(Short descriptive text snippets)
-- Opening Marker --
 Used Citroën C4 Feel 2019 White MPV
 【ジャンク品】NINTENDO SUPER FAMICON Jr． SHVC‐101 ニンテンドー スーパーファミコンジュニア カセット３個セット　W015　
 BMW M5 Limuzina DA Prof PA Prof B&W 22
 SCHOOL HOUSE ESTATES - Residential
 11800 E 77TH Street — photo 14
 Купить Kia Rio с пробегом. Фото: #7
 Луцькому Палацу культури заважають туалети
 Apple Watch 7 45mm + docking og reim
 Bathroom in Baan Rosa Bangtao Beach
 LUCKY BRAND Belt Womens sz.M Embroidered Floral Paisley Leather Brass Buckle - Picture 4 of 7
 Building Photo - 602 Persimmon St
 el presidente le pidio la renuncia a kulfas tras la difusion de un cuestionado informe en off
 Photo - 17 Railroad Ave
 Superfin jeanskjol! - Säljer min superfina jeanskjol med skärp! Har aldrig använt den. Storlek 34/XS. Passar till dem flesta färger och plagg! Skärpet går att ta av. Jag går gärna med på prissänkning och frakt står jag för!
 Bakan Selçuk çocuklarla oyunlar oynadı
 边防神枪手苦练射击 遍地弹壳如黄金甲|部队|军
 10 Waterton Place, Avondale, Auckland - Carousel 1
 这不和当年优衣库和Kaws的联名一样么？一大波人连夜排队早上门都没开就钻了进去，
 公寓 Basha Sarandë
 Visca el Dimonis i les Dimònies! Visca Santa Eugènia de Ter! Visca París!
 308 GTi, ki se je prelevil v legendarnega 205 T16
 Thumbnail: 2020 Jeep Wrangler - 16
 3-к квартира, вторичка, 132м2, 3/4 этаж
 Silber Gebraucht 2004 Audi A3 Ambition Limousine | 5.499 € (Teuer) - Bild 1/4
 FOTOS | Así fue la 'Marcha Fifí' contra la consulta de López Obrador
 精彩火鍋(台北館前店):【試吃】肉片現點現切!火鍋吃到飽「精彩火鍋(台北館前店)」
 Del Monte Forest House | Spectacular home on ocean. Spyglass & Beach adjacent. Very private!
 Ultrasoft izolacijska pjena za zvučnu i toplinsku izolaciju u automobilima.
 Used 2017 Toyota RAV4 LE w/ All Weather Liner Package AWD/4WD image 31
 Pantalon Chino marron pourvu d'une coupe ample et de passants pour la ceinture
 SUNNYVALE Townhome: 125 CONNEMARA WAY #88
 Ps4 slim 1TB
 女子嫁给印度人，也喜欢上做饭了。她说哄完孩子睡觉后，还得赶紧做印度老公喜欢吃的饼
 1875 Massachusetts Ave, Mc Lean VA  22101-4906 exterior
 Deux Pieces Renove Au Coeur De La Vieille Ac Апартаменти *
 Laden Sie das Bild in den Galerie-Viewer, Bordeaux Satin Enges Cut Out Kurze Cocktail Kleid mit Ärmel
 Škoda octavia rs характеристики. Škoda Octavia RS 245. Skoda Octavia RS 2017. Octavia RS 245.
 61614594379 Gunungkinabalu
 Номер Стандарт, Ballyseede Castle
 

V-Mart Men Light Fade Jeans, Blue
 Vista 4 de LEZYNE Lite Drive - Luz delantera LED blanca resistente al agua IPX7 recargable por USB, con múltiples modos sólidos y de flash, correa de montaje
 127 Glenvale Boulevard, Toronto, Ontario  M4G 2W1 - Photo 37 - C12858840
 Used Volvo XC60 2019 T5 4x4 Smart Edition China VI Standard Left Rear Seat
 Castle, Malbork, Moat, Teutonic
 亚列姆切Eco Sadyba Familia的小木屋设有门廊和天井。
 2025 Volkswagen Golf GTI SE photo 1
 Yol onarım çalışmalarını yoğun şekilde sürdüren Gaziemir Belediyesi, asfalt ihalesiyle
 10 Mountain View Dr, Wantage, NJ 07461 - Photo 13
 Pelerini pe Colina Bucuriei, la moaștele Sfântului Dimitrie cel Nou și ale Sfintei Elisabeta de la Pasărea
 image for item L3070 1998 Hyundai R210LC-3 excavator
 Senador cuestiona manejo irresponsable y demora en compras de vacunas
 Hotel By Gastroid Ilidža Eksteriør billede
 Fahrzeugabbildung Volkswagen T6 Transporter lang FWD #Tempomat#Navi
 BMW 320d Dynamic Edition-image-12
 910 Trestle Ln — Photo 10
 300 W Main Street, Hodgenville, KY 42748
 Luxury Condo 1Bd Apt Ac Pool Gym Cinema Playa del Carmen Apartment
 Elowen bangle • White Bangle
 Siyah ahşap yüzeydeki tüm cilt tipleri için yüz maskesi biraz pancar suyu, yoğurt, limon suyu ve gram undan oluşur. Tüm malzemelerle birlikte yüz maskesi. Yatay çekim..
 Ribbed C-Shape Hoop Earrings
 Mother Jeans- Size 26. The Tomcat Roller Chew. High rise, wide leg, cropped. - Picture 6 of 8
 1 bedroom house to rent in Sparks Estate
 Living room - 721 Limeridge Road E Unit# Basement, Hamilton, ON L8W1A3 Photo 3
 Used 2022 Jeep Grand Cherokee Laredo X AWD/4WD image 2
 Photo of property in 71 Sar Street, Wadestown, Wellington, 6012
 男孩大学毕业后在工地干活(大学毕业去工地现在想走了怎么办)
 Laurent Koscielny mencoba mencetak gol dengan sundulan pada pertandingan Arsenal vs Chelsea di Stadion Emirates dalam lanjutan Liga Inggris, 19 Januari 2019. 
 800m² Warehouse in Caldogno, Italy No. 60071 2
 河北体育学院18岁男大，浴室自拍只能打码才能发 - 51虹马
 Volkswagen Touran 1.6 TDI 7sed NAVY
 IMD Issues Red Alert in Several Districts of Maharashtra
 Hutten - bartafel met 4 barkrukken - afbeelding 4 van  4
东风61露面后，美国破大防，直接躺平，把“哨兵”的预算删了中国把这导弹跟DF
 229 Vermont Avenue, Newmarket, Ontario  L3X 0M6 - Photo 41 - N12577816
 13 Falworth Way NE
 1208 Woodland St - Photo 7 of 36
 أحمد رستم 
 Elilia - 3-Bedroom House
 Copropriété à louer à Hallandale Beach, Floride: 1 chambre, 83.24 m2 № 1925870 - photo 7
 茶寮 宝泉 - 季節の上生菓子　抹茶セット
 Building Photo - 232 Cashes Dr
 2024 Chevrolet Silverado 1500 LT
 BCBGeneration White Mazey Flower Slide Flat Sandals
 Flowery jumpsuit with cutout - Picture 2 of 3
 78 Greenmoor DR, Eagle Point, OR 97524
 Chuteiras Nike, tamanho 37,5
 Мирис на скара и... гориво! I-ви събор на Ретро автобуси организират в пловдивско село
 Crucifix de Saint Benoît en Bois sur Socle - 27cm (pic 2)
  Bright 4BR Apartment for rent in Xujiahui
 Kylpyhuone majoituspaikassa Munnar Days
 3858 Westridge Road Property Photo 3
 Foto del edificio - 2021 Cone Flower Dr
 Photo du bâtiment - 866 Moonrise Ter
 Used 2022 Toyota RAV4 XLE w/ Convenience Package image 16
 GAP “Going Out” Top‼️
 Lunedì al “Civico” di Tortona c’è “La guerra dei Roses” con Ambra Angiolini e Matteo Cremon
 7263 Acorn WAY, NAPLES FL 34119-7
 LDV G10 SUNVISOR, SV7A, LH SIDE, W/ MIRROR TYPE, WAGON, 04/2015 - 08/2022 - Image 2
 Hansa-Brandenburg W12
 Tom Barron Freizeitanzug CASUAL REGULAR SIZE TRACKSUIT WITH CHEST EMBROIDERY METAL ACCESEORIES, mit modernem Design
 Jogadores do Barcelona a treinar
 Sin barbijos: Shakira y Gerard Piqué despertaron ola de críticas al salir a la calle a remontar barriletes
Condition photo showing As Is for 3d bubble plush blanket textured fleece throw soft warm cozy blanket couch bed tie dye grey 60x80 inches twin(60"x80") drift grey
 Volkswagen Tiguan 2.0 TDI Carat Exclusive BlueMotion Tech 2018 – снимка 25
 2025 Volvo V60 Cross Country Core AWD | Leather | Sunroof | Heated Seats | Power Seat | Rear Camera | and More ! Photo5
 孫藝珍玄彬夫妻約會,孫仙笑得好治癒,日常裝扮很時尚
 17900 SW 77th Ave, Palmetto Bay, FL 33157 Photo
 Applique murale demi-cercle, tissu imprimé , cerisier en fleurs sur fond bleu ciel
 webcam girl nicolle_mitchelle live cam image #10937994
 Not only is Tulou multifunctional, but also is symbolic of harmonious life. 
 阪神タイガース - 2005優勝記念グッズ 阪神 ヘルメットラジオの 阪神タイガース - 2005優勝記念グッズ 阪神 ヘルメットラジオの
-- Closing Marker --
What this task involves:
Taking the entries above, restate exactly those lines that fall between the line with "Купить Kia Rio с пробегом. Фото: #7" and the line with "Building Photo - 602 Persimmon St", keeping both of those lines too.

Output:
 Купить Kia Rio с пробегом. Фото: #7
 Луцькому Палацу культури заважають туалети
 Apple Watch 7 45mm + docking og reim
 Bathroom in Baan Rosa Bangtao Beach
 LUCKY BRAND Belt Womens sz.M Embroidered Floral Paisley Leather Brass Buckle - Picture 4 of 7
 Building Photo - 602 Persimmon St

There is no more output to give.